Aku memutar bantal leherku, menarik sweterku lebih erat, dan memejamkan mata.
Aku membayangkan pemintal benang dan perlahan-lahan memasukkan serat warna-warni ke perangkat itu sambil menunggu kantuk menjemputku. Teknik visualisasi itu membuatku rileks hingga melatonin menunjukkan sihirnya.
Hanya saja kali ini, seorang asing muncul di latar belakang pikiranku. Senyumnya menghiburku dan menarikku lebih erat seolah kami saling mengenal dengan cara yang menghubungkan jiwa kami. Aku menyentuh poros pemintal benang dan benda itu jatuh ke tanah dengan suara dentuman keras.
Aku tersentak bangun, menyesuaikan diri dengan lingkungan sekitar, dan menyadari bahwa pesawat sedang mengalami turbulensi hebat. Aku melirik ke kiri dan terkejut melihat pria asing tampan di kursi sebelahku. Dia tampak persis seperti pria dalam mimpiku.
Konyol, Mawar.
“Kau baik-baik saja, Mawar?” tanyanya lembut.
Mulutku terbuka.
“Apa aku mengenalmu?”
Apakah aku masih bermimpi?
“Tidak.” Dia tersenyum. “Julia menyebut namamu ketika aku duduk.
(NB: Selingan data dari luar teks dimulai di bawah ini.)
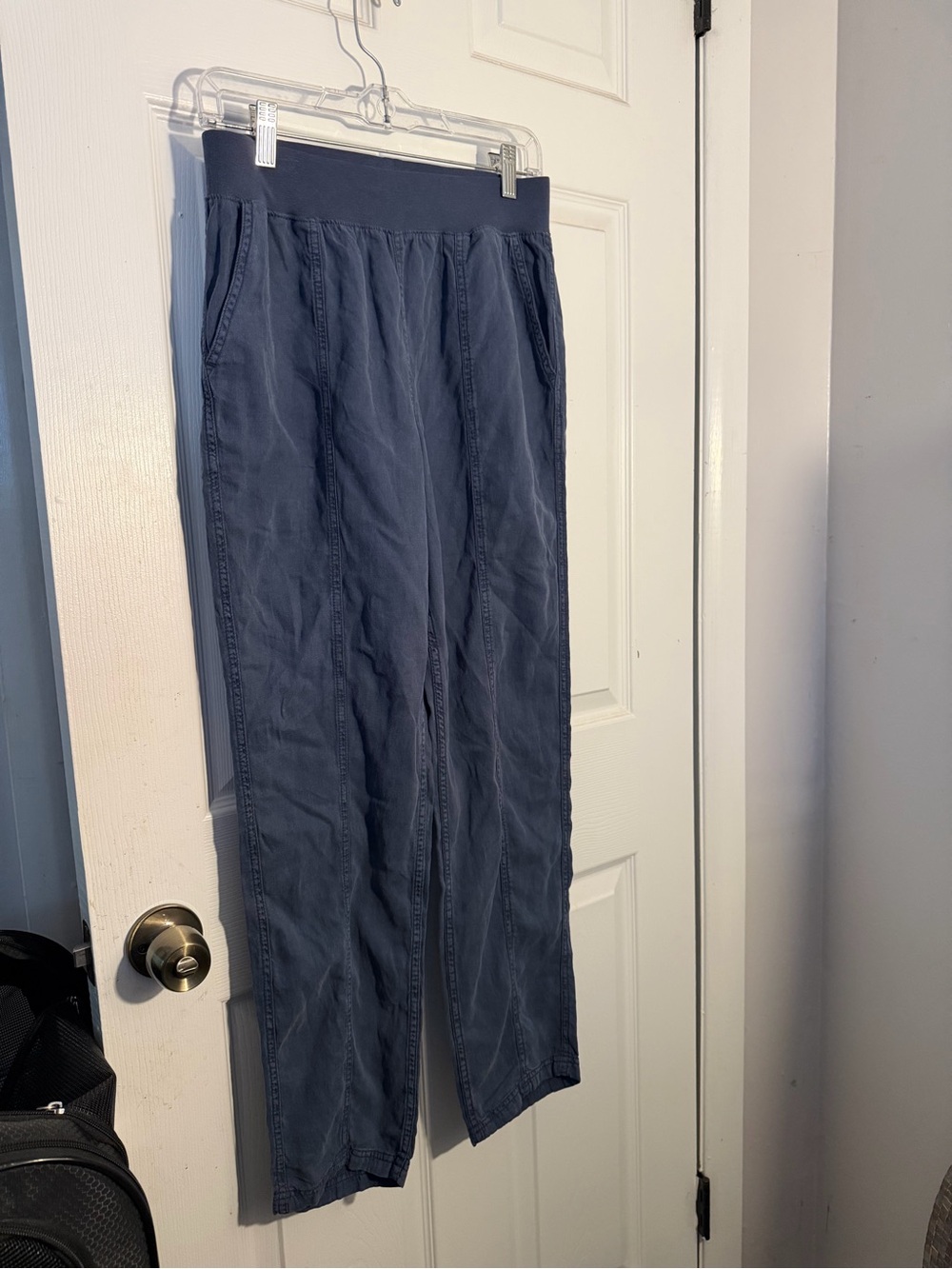 Faherty women’s Casual Elastic-Waist Pants - Navy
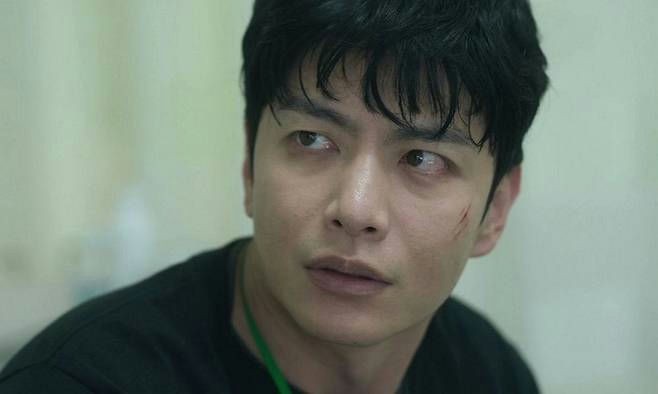 'Mary Kills People' thống trị BXH, trở thành phim Hàn 'phải xem' trong tháng 8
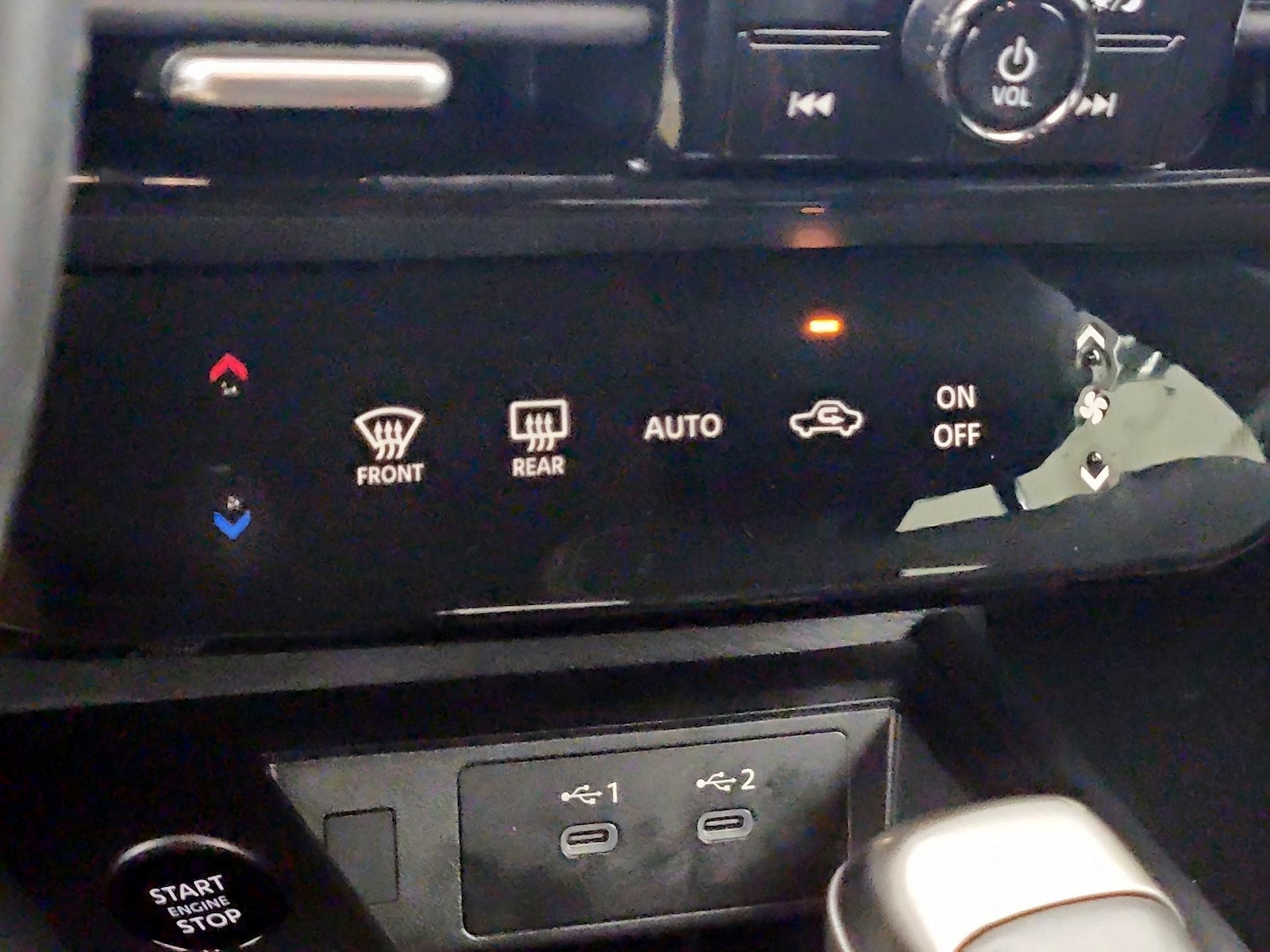 2025 Nissan Kicks SR AWD - Photo 17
Memintaku untuk diam agar kau bisa beristirahat dengan tenang.”
Pesawat menukik dan perutku terasa mual.
“Tuhan, tolong!” pekikku. Sesering apa pun perjalananku dengan pesawat, aku tak bisa terbiasa dengan turbulensi.
“Kita baik-baik saja. Pilot bilang ini hanya badai. Kita akan segera melewatinya.”
Apa dia serius? Bagaimana kalau pesawat itu jatuh dari langit seolah-olah ada Godzila atau King Kong yang memukulnya seperti mainan? Napasku terengah-engah.
“Hei,” dia meletakkan tangannya yang hangat di lenganku.
Denyut nadiku melambat.
Mengapa sentuhannya langsung menenangkanku?
“Ini biasa.”
Melihat ekspresiku yang tercengang, dia melanjutkan. “Aku seorang pilot dan kenal orang yang mengendalikan pesawat itu. Dia jago mengendalikan pesawat melalui turbulensi.”
Aku mengembuskan napas, berharap pria tampan itu benar.
“Seharusnya aku terus bermimpi.”
Khususnya untuk tahu apakah dia orangnya.
“Apakah mimpinya bagus?” tanyanya.
“Hanya aku yang terkena jarum pintal.”
Alisnya terangkat. “Aku punya banyak pertanyaan.”
“Tidak semenarik itu.”
Aku menggelengkan kepala, berusaha untuk tetap terjaga.
“Aku memintal benang dan membayangkan pemintal benang membantuku tertidur.” Aku mengangkat bahu. “Menyedihkan, ya?”
“Sama sekali tidak. Aku punya gambaran mentalku sendiri untuk membantuku tertidur.”
“Apa itu?”
Aku berbalik miring di kursiku, mencoba mengamatinya diam-diam.
Mata cokelat yang hangat, senyum lebar yang dibingkai garis tawa, dan kerutan mata yang menunjukkan kegembiraan adalah bagian tak terpisahkan dari hidupnya. Sungguh, senyumnya membuat otakku berpikir tentang ketampanan, bukan simetri wajahnya.
“Mawar.”
Pipiku memanas. Apa dia bilang begitu karena namaku? Apa ini semacam garis?
“Mungkin kedengarannya aneh.” Dia mencengkeram pangkal hidungnya.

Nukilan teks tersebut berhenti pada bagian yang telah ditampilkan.